Yes, you can have these static features along side the numeric representations of the text. E.g. just more features. The model cannot tell the difference.
Hi!
Great post. Is there a way to use CountVectorizer on a corpus which is a list and not a string?
Hmm, what do you mean exactly? Can you elaborate?
Hey Jason, Great article.
I was wondering if you could demonstrate how to combine NLP with time series analysis (ARIMA model) as you presented in this article? https://machinelearningmastery.com/make-sample-forecasts-arima-python/
Not many resources online that discuss this and many errors come from using CountVectorizer with ARIMA
Thanks for the suggestion.
In the CountVectorizer section, the codes includes “print(vectorizer.vocabulary_)”, which returns a dictionary comprised of the tokens and their respective indices in the array. See below.
{‘dog’: 1, ‘fox’: 2, ‘over’: 5, ‘brown’: 0, ‘quick’: 6, ‘the’: 7, ‘lazy’: 4, ‘jumped’: 3}
It seems that the tokens are assigned an index based on alphanumeric.

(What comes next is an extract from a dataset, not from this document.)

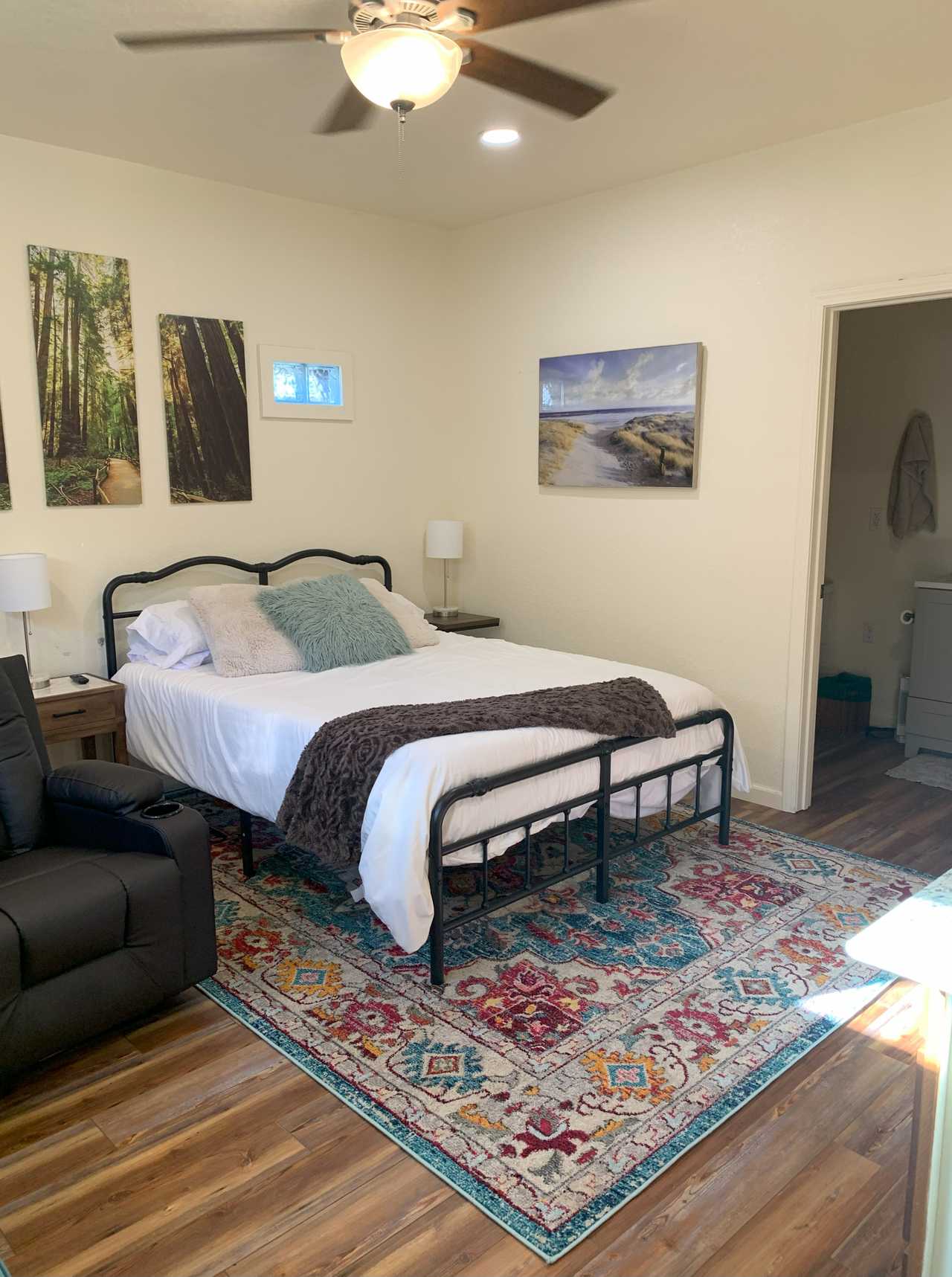 New, spacious studio-nice, quiet neighborhood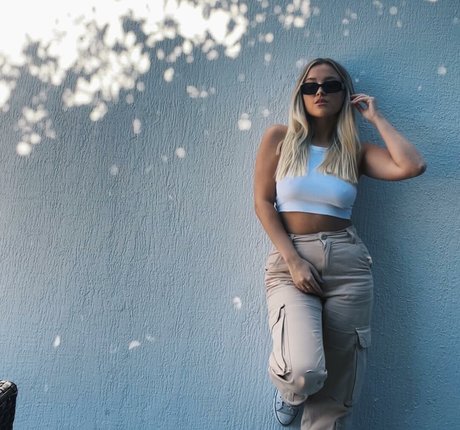 Lavender Baj model free photo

Is there any other significance to the order?
Not that I’m aware.
How we can pass two columns for the ‘X’ for preparation of the model?
Perhaps prepare each variable separately then concat the results prior to modeling?
Hi Jason! I am trying to perform tfidf vectorization on my train_x dataframe (4064, 1). But after calling fit_transform(train_x).toarray(), the resulting matrix has size (1,1) which doesn’t make sense. Why is this happening?
May be your input matrix is in the wrong shape? Transposed?